After a hugely successful Kickstarter crowdfunding experiment in 2013, Veronica Mars hits the big screen Friday but also returns to the small screen via video-ondemand, leaving Hollywood with an intriguing mystery: Can this kind of cinematic vehicle be successful on a wide scale?
“It’s a passion project for a lot of those people involved in the TV show,” says Jeff Bock, senior box-office analyst for Exhibitor Relations.
Starring Kristen Bell as a camera-carrying kid supersleuth, Veronica Mars aired for three seasons on UPN and CW and was a critical darling, though not a ratings one. The series averaged only about 2.5 million viewers before its cancellation in 2007.
A cult fan base grew, and, combined with those who visited Mars through Netflix and Amazon, it pounced on a chance to bring the show back as a movie. The new story sees Veronica returning to Neptune, Calif., for a 10-year reunion and a murder case involving her former beau, Logan Echolls (Jason Dohring).

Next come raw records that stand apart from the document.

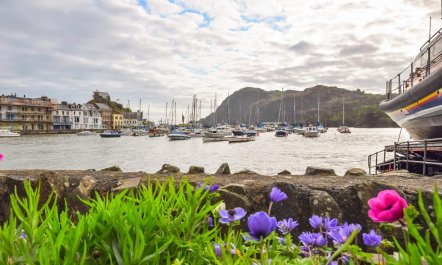 4 Bed in Ilfracombe 1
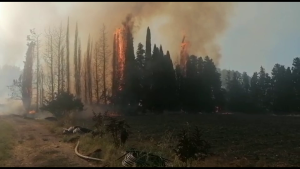 Siracusa e Solarino, in fiamme decine di ettari di zona boschiva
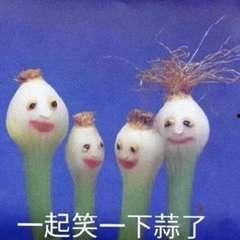 高大蒜表情包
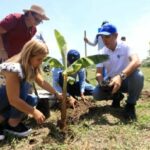 En el sur del Atlántico empieza la siembra tecnificada de plátano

Bell and series creator Rob Thomas announced a Kickstarter project a year ago to finance the film and persuade Warner Bros. to distribute it in theaters. It reached its $2 million goal within 10 hours of its launch and totaled $5.7 million and 91,585 backers, one of Kickstarter’s most successful campaigns ever.

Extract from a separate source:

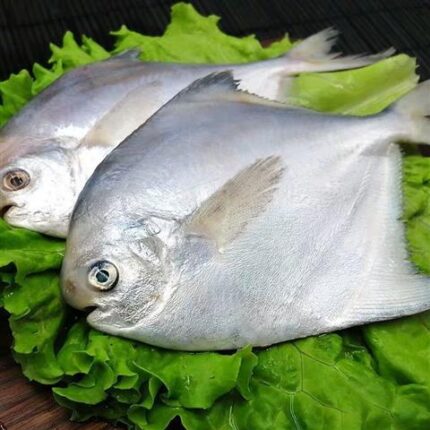 62871 6971867970406 jinri fieto conglato changyu 700g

But that doesn’t automatically equal a financial windfall, says Kate Erbland of the movie website Film School Rejects. Even if all those backers spring for a $10 ticket, that’s less than $1 million at the box office. “It still feels like the sort of thing that only exists to people who loved it as a show and have never lost hope that it would return.”
VOD used to be a “throwaway option” for studios, Erbland says, but now it’s a viable mainstream option for smaller features that may not pull in millions of moviegoers. Veronica Mars marks the first time a major studio has had a simultaneous release on VOD and theatrical platforms.
Bock says Veronica Mars could start a mini-trend of bringing back classic TV shows for one-off movies or small theatrical releases. “Your voice really can be heard these days. Maybe we’ll get a Wonder Years reunion movie out of this, too.”